US Astronauts Stuck In International Space Station For Way Too Long

By TeeJay Small | Updated

international space station (1)

If you’ve been following the news in recent months, you may be aware that Boeing is currently embroiled in a major PR crisis, as several reports of their airplanes failing to meet safety standards have made international headlines. Boeing’s problems have gone from international to interstellar, as their shoddy work has directly led to a pair of US astronauts being trapped inside the International Space Station. The astronauts have already far exceeded their projected mission time, with no end in sight as engineers scramble to get them home safely.

An Eight-Day Mission

international space station NASA

The astronauts currently trapped in the International Space Station are Barry Wilmore and Sunita Williams. The duo were originally slated for an eight-day mission aboard the ISS Starliner, which serves as a collaboration between NASA and Boeing. At the time of this writing, Wilmore and Williams have been stranded in space for nearly an entire month, well over their eight-day projection, with no determined date for their return to Earth.

Returning Next Month….Hopefully

Boeing spokesmen have been updating the public on the status of the astronauts, explaining that the pair will be on pace to return after completing a pair of spacewalks outside the International Space Station on June 24 and July 2, respectively. Despite offering this timeline, Boeing reps were not able to explain exactly how the issues with Starliner came to pass or when the issues will be fixed, if at all. Starliner previously encountered numerous safety concerns before the mission took place, causing the initial launch to be delayed by over a year.

Starliner System Failures

The main reason for the outage that has left these two astronauts stuck on the International Space Station relates to Starliner’s thrusters, which previously rendered two planned launches unsuccessful.

While the June 5 launch did manage to get Wilmore and Williams safely into orbit and onboard the ISS, 5 of the craft’s 27 thrusters have continued to encounter problems. Boeing reps claim that 4 of the 5 affected thrusters are now operational again, and that the craft should safely be able to return home once the mission is complete.

A Billion Dollar Problem

space tourism

These claims from Boeing instill very little confidence in the public, considering the already $1.5 billion price tag in errors incurred by the initial two launches. Despite this controversy, the astronauts on the International Space Station are well-stocked with food and supplies, so they’re facing no immediate danger as the mission continues to be extended.

Plus, at the very least, it seems that Boeing engineers have been able to halt one serious problem with the Starliner in the form of a habitual helium leak that made the craft unfit for space travel during initial trials.

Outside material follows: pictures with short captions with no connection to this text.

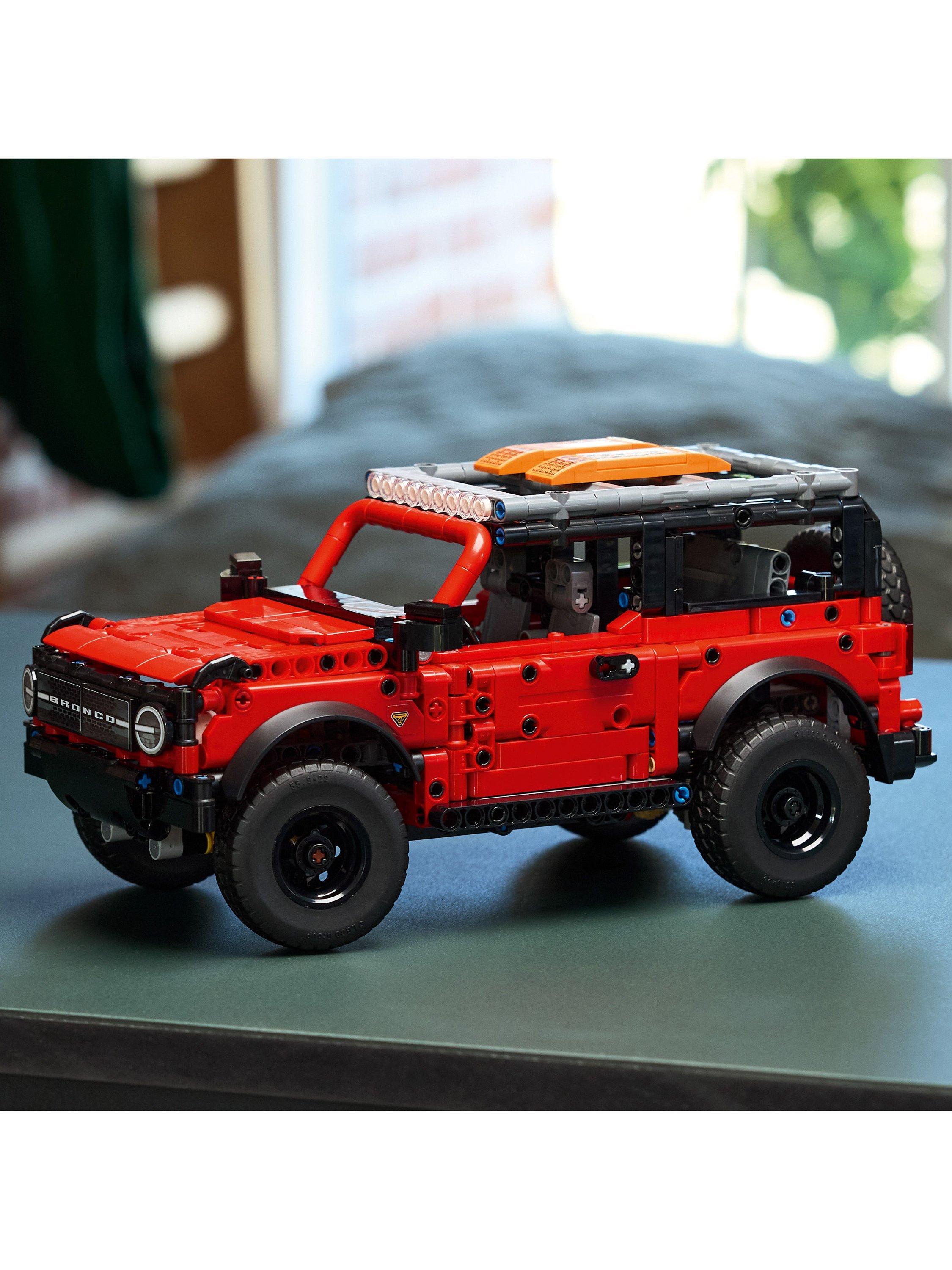 Technic 42213 Ford Bronco SUV Off Road Car Toy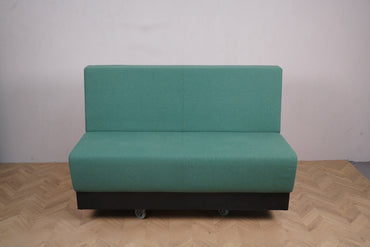 Rumas lounge 150x70 cm med lysegrøn polstret sæde og ryg set fra siden.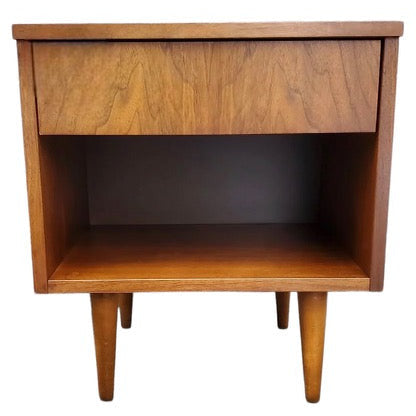 Vintage Mid Century Modern Walnut 1 Drawer Side Table Stand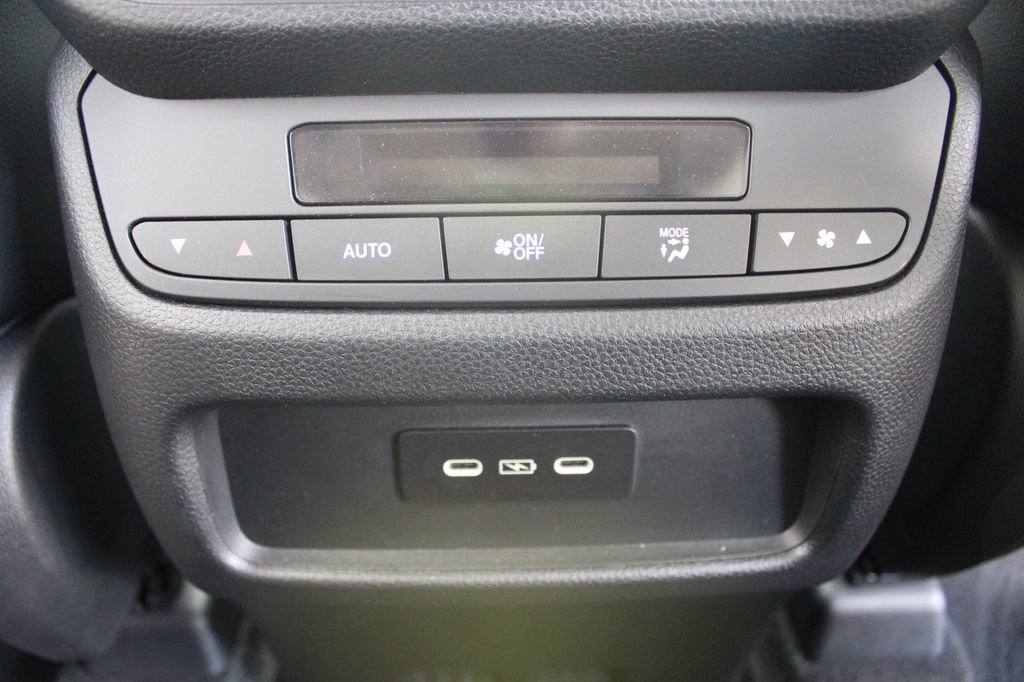 Certified 2025 Honda Pilot EX-L image 16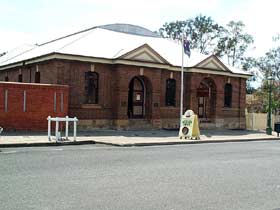 Granville QLD eAccommodation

The Cost Of Privatizing Space Missions

While it is certainly disconcerting that these astronauts are trapped on the International Space Station, NASA officials have insisted that the Starliner is fully capable of making an emergency return with one thruster out if necessary. The craft only requires 7 hours of free-flight time for standard end-of-mission procedures, and engineers have confirmed that it currently holds the capacity to support up to 70 hours of undocked activity.

Despite the alarming headlines and some expected cabin fever on the part of the astronauts, Barry Wilmore and Sunita Williams don’t seem to be facing any immediate danger.